家族の手間を省くために契約を結んでも、トラブルが起こっては意味がないです。
なぜトラブルが発生するかというと、2つの理由が考えられます
- あなたは亡くなっている
- 家族の考えが違う
トラブルの理由が分かっていれば、防ぐことも可能なので参考にしてください。
1.あなたは亡くなっている
死後の事務なので契約の効力が発生したときには、あなたはすでに亡くなっています。
そのため、契約についてあなたに尋ねることはできません。
受任者(頼まれた人)以外の第3者が契約に対して疑問を持っても、あなたの口から説明を聞くことは不可能です。
ですので、トラブルになりやすいのです。
「本当に契約があったのか」や「契約内容は合っているのか」等が、トラブルの原因として挙げられます。
1‐1.口頭ではなく書面で作成
死後時委任契約は口頭でも契約は成立します。
けれども、トラブルを防ぐという意味でも、書面で契約書を作成しましょう。
万全を期すなら費用は発生しますが、公正証書での作成をお勧めします。
専門家に依頼する場合は、公正証書での作成でしか受けないはずです。
1‐2.親族等に知らせておく
親族に死後事務委任契約のことを知らせておくことも重要です。
なぜなら、あなたが亡くなったことを知った親族は、死後事務をするつもりで来るからです。
親族等に知らせておかなければ、別々の葬儀会社に頼む可能性もあります。
トラブルを防ぐためにも、死後事務委任契約について知らせておいてください。
2.家族の考えが違う
生前に自分の死後事務を頼んでおくことは、家族の手間を省くという利点もあります。
しかしながら、あなたの考えと家族の考えが、一致している保障はないです。
考えの違いがトラブルを招くこともあります。
- 金銭の価値は人それぞれ
- 遺骨の行方
- 感情論が1番揉める
2‐1.金銭の価値は人それぞれ
死後事務委任契約を第3者と結ぶ場合、必要な対価(報酬)が発生します。
あなたは納得して契約を結んでいると思いますが、相続人が報酬の金額に納得するかは別問題です。

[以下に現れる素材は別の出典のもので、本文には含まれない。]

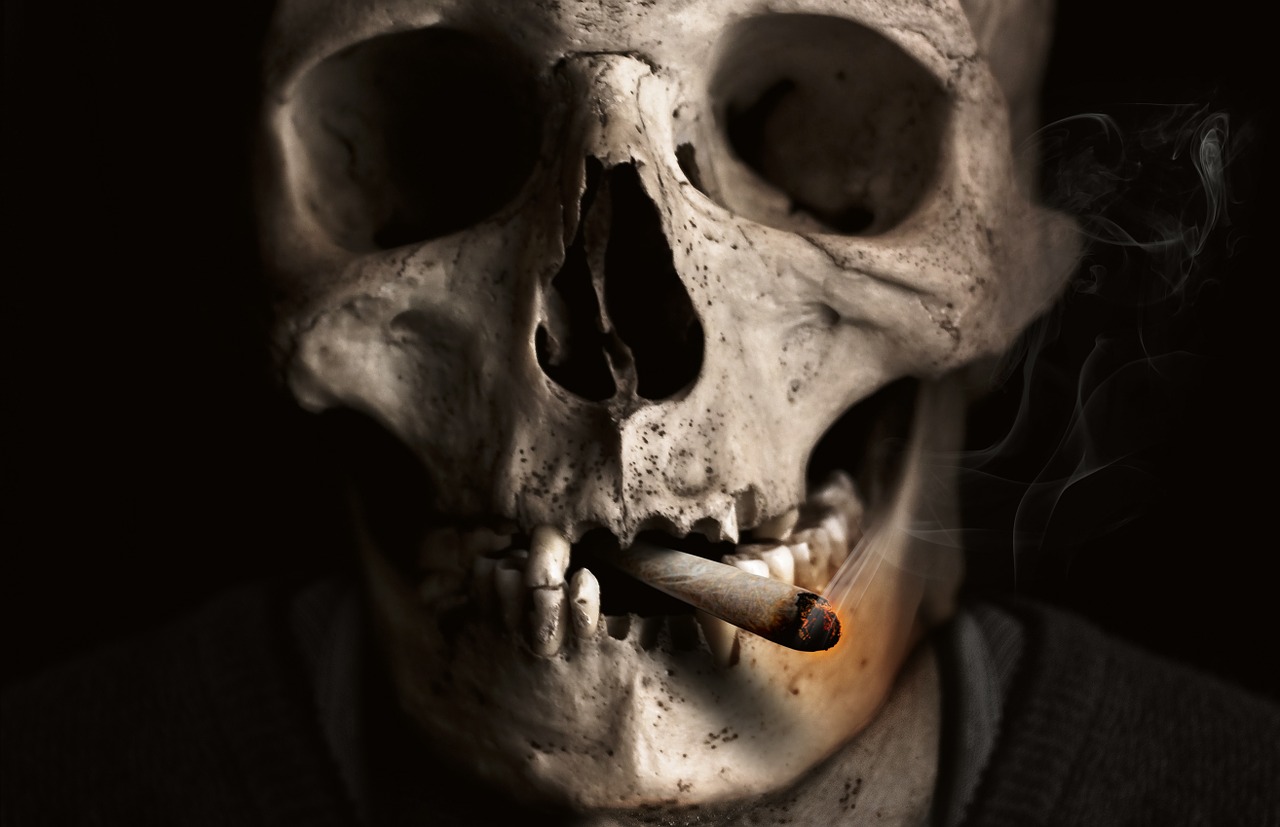 death skull smoking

なぜなら、死後事務委任契約を結んでいなければ、報酬分も相続財産となるからです。
たとえば、50万円を報酬として死後事務委任契約を結んでいるとします。
相続人の立場からすると、相続財産が50万円減額される契約です。
金銭面での考え方の違いはトラブルになりやすいです。
2‐2.遺骨の行方
近年、遺骨を海や山に散骨することを希望している人が増えています。
ただし、相続人の中には遺骨は家族のお墓に入るのが、当たり前だという考え方の人もいます。

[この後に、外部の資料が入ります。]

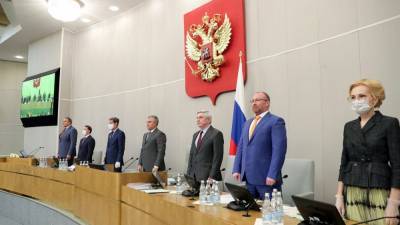 Светлана Бессараб - Василий Иконников - Госдума не одобрила проекты об индексации пособий работающим пенсионерам - politros.com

あらかじめ、散骨を希望して死後事務委任契約を結んでいても、家族が遺骨を渡さないというトラブルも起きます。
2‐3.感情論が1番揉める
事実婚や同性婚では、死後事務で親族とトラブルになるケースは珍しくないです。
死亡診断書を誰が受け取るかや、遺品整理や形見分けなどトラブルの元はいくらでもあります。
生前から家族と関係が良好であれば、家族と死後事務で揉める可能性は低いです。
それに対して、生前から関係に問題があれば、揉める可能性も高いでしょう。
感情論なので防ぐのは難しいのですが、死後事務を弁護士等の第3者に頼むなどして、直接やり取りをしなくても済むようにする等が考えられます。
3.さいごに
死後事務委任契約を結んでいても、トラブルになる可能性はあります。
ただし、トラブルの理由をあらかじめ消しておくことで、可能性を下げることはできます。
契約は書面で作成するや家族に知らせておくことも、トラブルを防止する意味では重要です。
死後事務委任契約について相談する際に、トラブル防止についても相談してみてください。